QUAL A NOÇÃO DE LIBERDADE DO/NO RITO FRANCÊS?
Autor: Tiago Valenciano
Qual é a noção de liberdade no Rito Francês, isto é, quais foram as bases para que tal rito maçônico possuísse a liberdade enquanto princípio básico de sua constituição? Motivado por este questionamento, apresentamos este pequeno trabalho, no intuito de enfatizar um dos sustentáculos da filosofia maçônica: a liberdade. Para isto, percorremos o seguinte caminho: 1) a razão enquanto necessidade científica; 2) os ideais do iluminismo e a configuração do rito francês; 3) como, porque, onde e quando a liberdade surge como importante coluna na maçonaria.
Das propriedades humanas diferenciais dos demais seres dotados de vida terrena, a razão sem dúvida é a que qualifica-nos enquanto existência, isto é, a razão é um traço marcante dos homens. Mas, o que é a razão? Razão é pensar, atender a um raciocínio de forma lógica, com princípios que tornam válidos os argumentos apresentados. Razão é a faculdade humana que permite conhecer, interpretar e compreender o princípio e o fim das coisas, ou seja, é a capacidade de dar sentido àquilo que nos rodeia.
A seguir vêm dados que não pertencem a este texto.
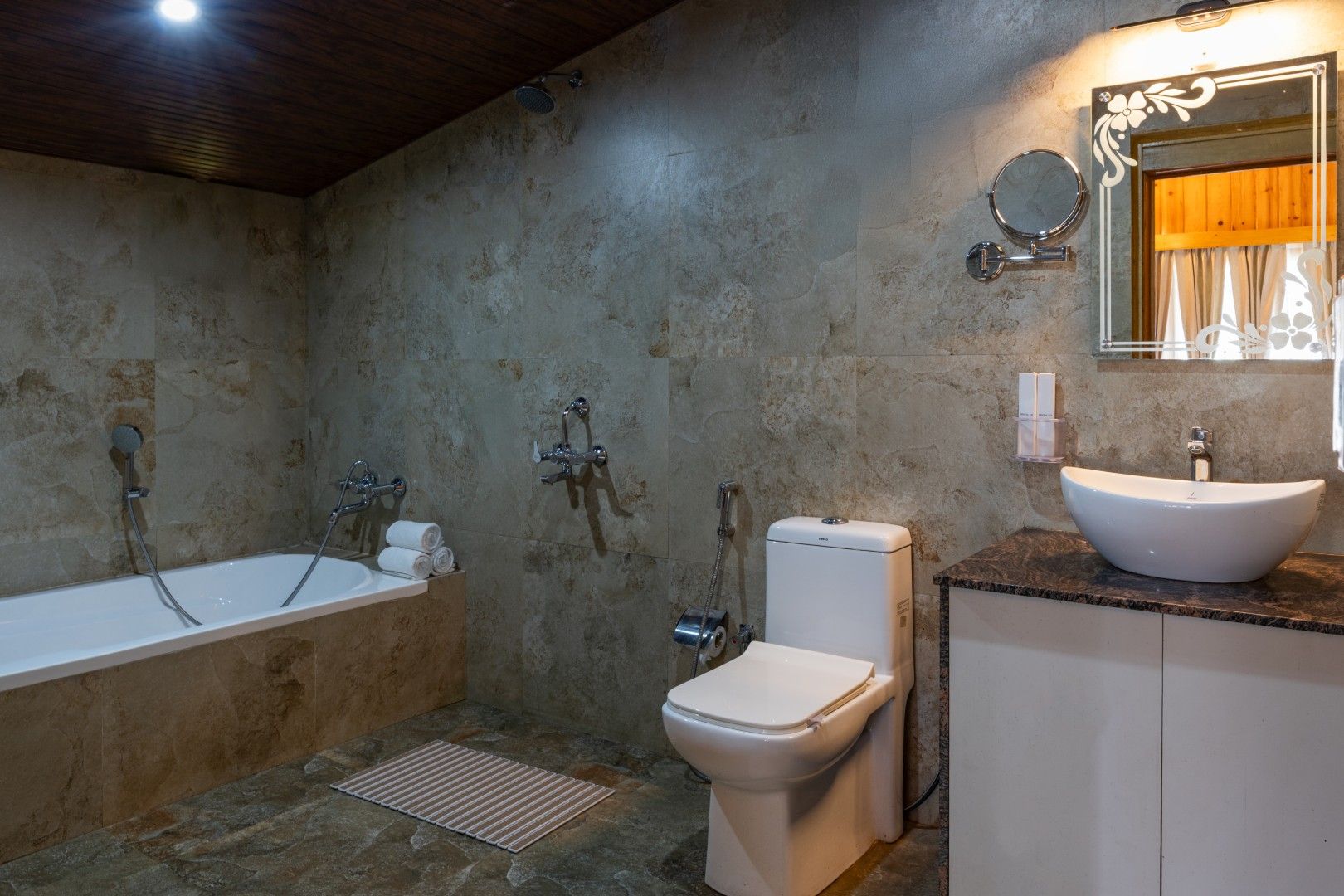 Mountain View Tree House with Balcony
E quando surgiu a corrente racionalista? Foi no renascimento[1] europeu iniciado no século XIV na Itália e expandido pela continente a partir do Século XV que os ideais racionalistas tornaram-se sustentáculo para o desenvolvimento do pensamento humano. Pautando diversas transformações no modo de vida das pessoas, o renascimento contribuiu para aguçar a ruptura – no plano cultural, das ideias medievais e iniciar a Idade Moderna, caracterizada basicamente pela formação e desenvolvimento do capitalismo (em todos os sentidos).
Como expoentes do racionalismo filosófico, podemos salientar as figuras de René Descartes (1596-1650), Spinoza (1632-1677), Leibniz (1646-1716) e Immanuel Kant (1724-1804), ao passo que Max Weber (1864-1920) e Karl Marx (1818-1883) se destacaram no campo da Sociologia. Destes autores, Descartes foi quem se notabilizou pelos trabalhos desenvolvidos em diversas áreas do conhecimento. É atribuída a ele a frase “penso, logo existo”, bem como as quatro regras básicas de seu método, o método cartersiano[2]: verificar a existência dos fenômenos, analisá-los, sintetizar o estudo efetuado e enumerar as conclusões apreendidas. Do mesmo modo, Weber atribuía à razão a possibilidade de estudar a sociedade (fazer sociologia), procurando assim entender e interpretar a ação social, para explicar causalmente os efeitos desta na sociedade. Ou seja, para Weber estudar sociologia é compreender como são estabelecidas as relações sociais, estas para ele fundadas na racionalidade.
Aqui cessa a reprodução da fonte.